Buradan aldığı dersle, 2019 yerel seçimlerinde CHP ve İYİ Parti büyükşehirlerde iş birliği yapmış ve uzun yılların ardından Ankara ve İstanbul'u Ak Parti'den almayı başarmışlardı.

Öyle görünüyor ki, şimdi de bu sürecin tam tersi yaşanıyor.

2023 Cumhurbaşkanı seçimine tek adayla giden muhalefet seçimlerden mağlubiyetle çıkınca, bu kez belediye seçimlerine müstakil olarak girmeye hazırlanıyor.

Tabi bu noktada belirtmek gerekir ki, İYİ Parti'nin kararı seçimler öncesinde muhalefet içinde bir el yükseltme ve bunun yanın sıra, parti teşkilatlarının motivasyonlarını yükseltmeye yönelik olarak da okunabilir.

Hatırlanacağı üzere, DEVA Partisi de 2023 seçimlerinden bir yıl önceden başlamak üzere seçimlere tek başına gireceğini yüksek perdeden söylemiş ancak seçimlere kısa bir süre kararını değiştirmiş ve seçimlere CHP listelerinden girmişti.

Benzer şekilde, İYİ Parti'nin kararının da seçim sathı mailine girildiğinde değiştirilebileceği ya da en azından esnetilebileceği düşünülebilir.

Aksi taktirde, -AK Parti-MHP iş birliğinin süreceği varsayılırsa- muhalefetin özellikle Ankara ve İstanbul'da belediye seçimlerini kaybetmesi kuvvetle muhtemel görünmektedir. 

Geçen haftanın bir diğer önemli gelişmesi ise CHP Grup Başkanvekili Özgür Özel'in yaklaşan parti kongresi öncesinde genel başkan adaylığını açıklamasıydı.

Bilindiği üzere seçim yenilgisinin ardından CHP'de hareketlilik başlamıştı.

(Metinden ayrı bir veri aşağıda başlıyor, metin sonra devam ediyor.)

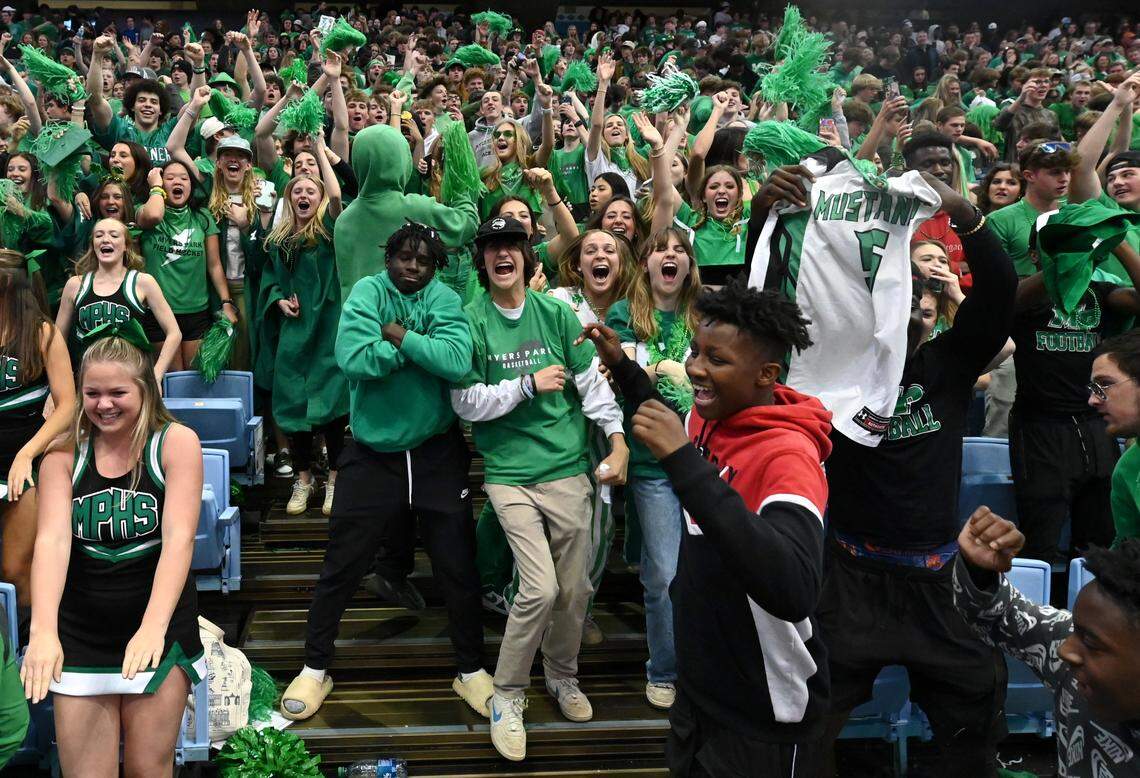 Myers Park students celebrate the boys basketball teams 74-60 victory over Richmond Senior in the NCHSAA state 4A championship game at the Dean Smith Center on Saturday, March 11, 2023.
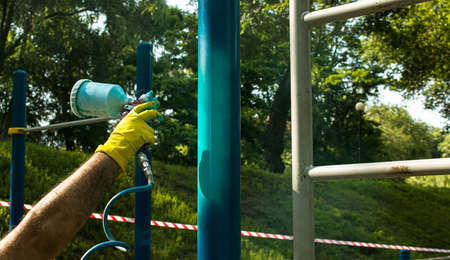 Workers of the municipal city service paint pipes on a playground in the park. Spray painting from a balloon.の写真素材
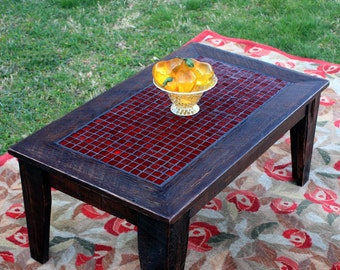 May include: A dark wood coffee table with a red tile top. The table is sitting on a rug with a floral pattern.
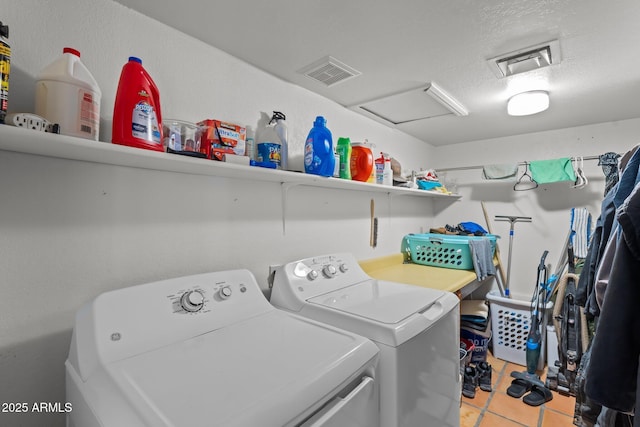 washroom featuring visible vents, laundry area, separate washer and dryer, and attic access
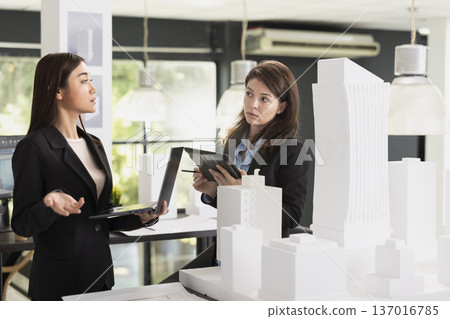 Diverse female designers with tablet and laptop, comparing between digital designs and 3d printed building layout. Professional women architects ensure accurate measurements of construction project. 137016785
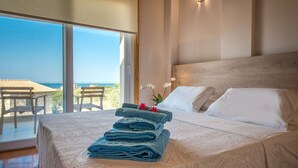 Une chambre avec une grande fenêtre, un lit recouvert de draps blancs et une vue sur la mer.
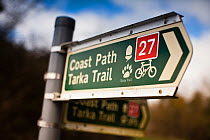 The Tarka Trail cycle path and Coast Path information sign, Devon, UK, March 2010.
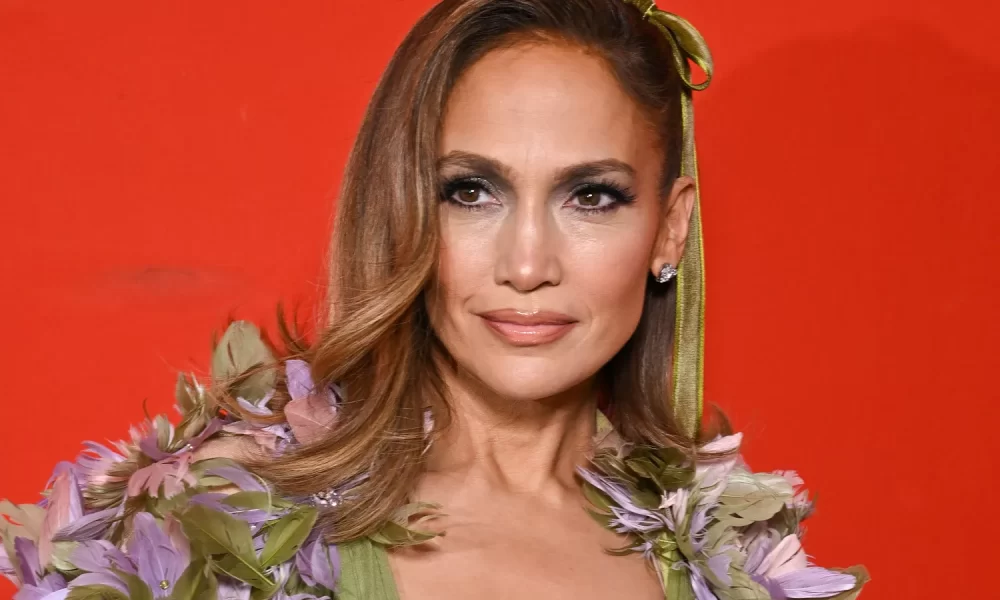 Jennifer Lopez Wore a Green Gown and Floor-Length Floral Cape to the Ellie Saab Couture Show 18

Ne var ki, muhalefetin ortak adayı olarak cumhurbaşkanlığı seçimlere giren ve seçimleri kaybeden Kılıçdaroğlu'nun tepkiler karşısında parti içindeki konumunun çok da sarsıldığı söylenemez.

Anti-demokratik yapıları nedeniyle, siyasi partilerimizde genel başkanlara rağmen siyaset üretmek ya da mevcut yönetimleri değiştirmek oldukça zordur ve hatta neredeyse imkânsız gibidir.

İYİ Parti'nin doğuşunun da MHP'de yaşanan iç mücadelede arzulanan değişimin gerçekleşmemesiyle doğrudan ilişkili olduğunu hatırlamakta fayda var.

Bu ve benzeri örnekler siyasi tarihimizde büyük bir yer tutuyor aslında.

Bakıldığında yeni kurulan partilerin büyük bir çoğunluğunun parti-içi güç mücadeleleri sonrasında kaybeden tarafın yeni bir oluşuma yönelmesiyle ilgili olduğu kolayca görülebilir. 

CHP'ye dönecek olursak, genel başkanlık için Özel'in adaylığının CHP'li tabanda büyük bir ses getirdiği söylenemez.

Zira Özel, uzunca bir süredir CHP'de Kılıçdaroğlu'nun en yakınındaki birkaç kişiden biri olarak bilinmektedir.

Böyle bir algı baskın olunca, Özel'in adaylığının ne ölçüde gerçekçi olduğu bazı yeni soru işaretlerini peşi sıra getirdi.

Bu minvalde, Özel'in adaylığı, değişimcilerin destek verebileceği ancak liderlik profili sınırlı bir adayın Kılıçdaroğlu'nun karşısına çıkmasına imkân verildiği yönünde bir intiba ile başladı.

Öyle görünüyor ki, yaklaşan kongrede delege oyları CHP'de değişimcilerin adayı olan Özel ile mevcut genel başkan arasında dağılacak.

Özel'in başarılı olabilmesinin yegâne yolunun ise Kılıçdaroğlu ekibinden sahici biçimde ayrışan, bağımsız bir politik kimlik ortaya koymasından geçtiğini söylemek gerekiyor.

Ne var ki, Özel'in kamuoyunda sahip olduğu imaj ve CHP'nin mevcut dengeleri birlikte düşünüldüğünde işinin bir hayli zor olduğu ifade edilmelidir.

 

 

*Bu makalede yer alan fikirler yazara aittir ve Independent Türkçe'nin editöryal politikasını yansıtmayabilir.